Roberto Minervini, giovane e talentuoso regista, ci accompagna nel Texas più profondo con Stop The Pounding Heart , titolo inserito nel cartellone del Biografilm Festival di Bologna: la rassegna, giunta nel 2014 al suo decimo anno, dedicata in via esclusiva alle storie di vita, con pellicole che sanno affrontare attraverso il filtro di esperienze intime e individuali temi di scottante attualità. Che coinvolgono l’intera collettività.

Le telecamere si infiltrano nella quotidianità della giovane Sara, che vive insieme ai genitori e a una moltitudine di fratelli e sorelle in una fattoria lontana da tutto e da tutti. Dove la più rigida morale cristiana è legge indiscussa e indiscutibile, dove i precetti della Bibbia vengono assunti in maniera acritica ed elevati a precetti etici che guidano uno stile di vita semplice, passato tra il lavoro dei campi e l’allevamento.
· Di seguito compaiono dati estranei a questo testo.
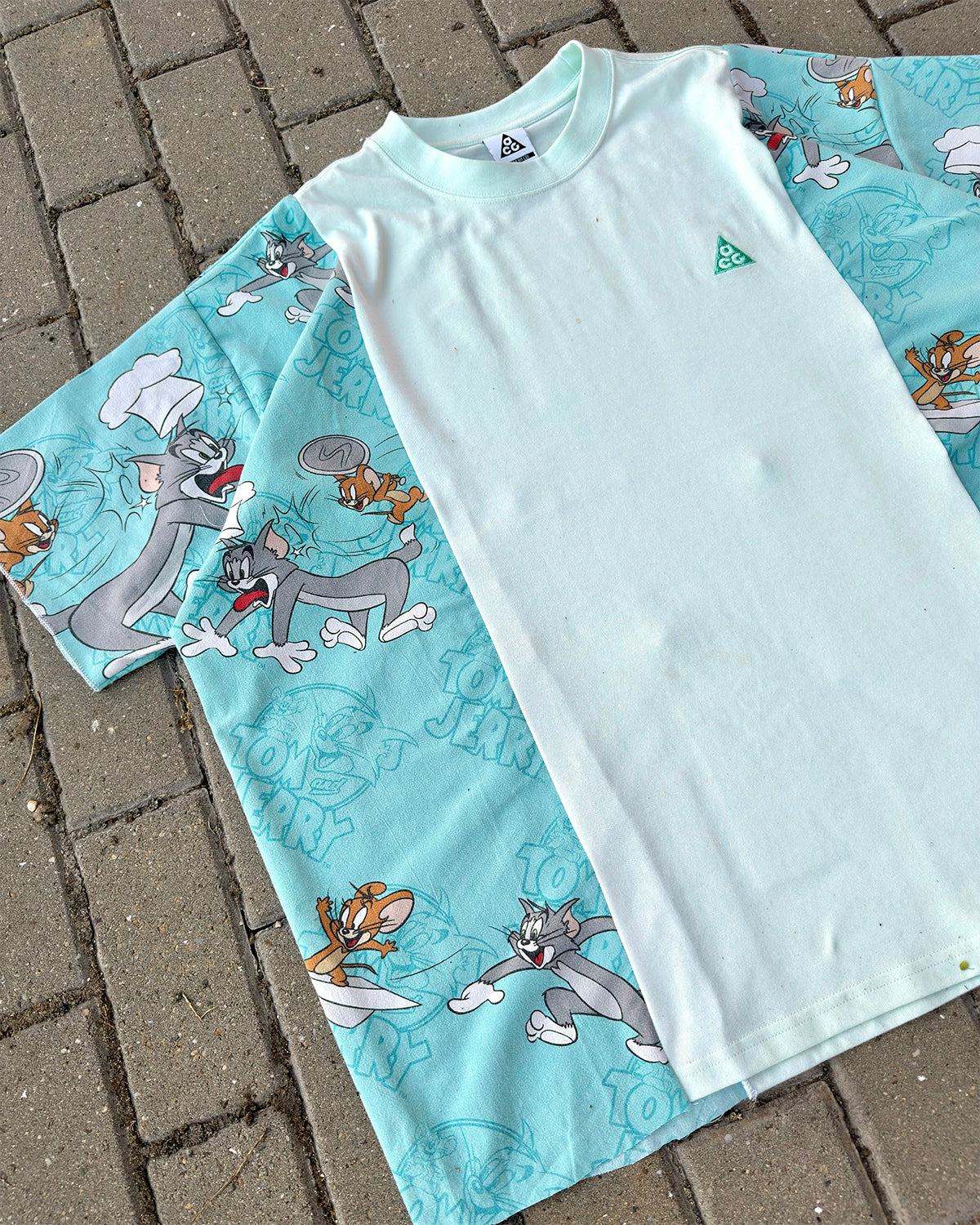 'CAT & MOUSE' T-SHIRT (XXL)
Fino a quando sulla scena irrompe Colby, brillante e guascone allevatore di tori da rodeo, personaggio che incarna e reitera il mito dei cowboy. Un eroe solitario al cui fascino Sara non sa resistere: ma il rapporto tra i due spezza la routine di un’esistenza rassicurante nella sua fissità. La ragazza si trova a un bivio tra il sogno di un futuro di emancipazione e un passato ancorato ai retaggi di un’educazione iperprotettiva.

La curiosità – Nasce nelle Marche, si trasferisce negli Stati Uniti dove lavora come consulente aziendale. Il cinema è una grande passione per Roberto Minervini, ma diventa una missione solo dopo l’11 settembre: il futuro regista perde il lavoro quattro giorni dopo il disastro, come conseguenza della crisi repentina che si abbatte su molte imprese americane. È con i soldi del sussidio garantito a chi, come lui, è rimasto disoccupato dopo l’attentato che paga un Master in Media Studies. Dieci anni dopo è sul red carpet del Festival di Cannes.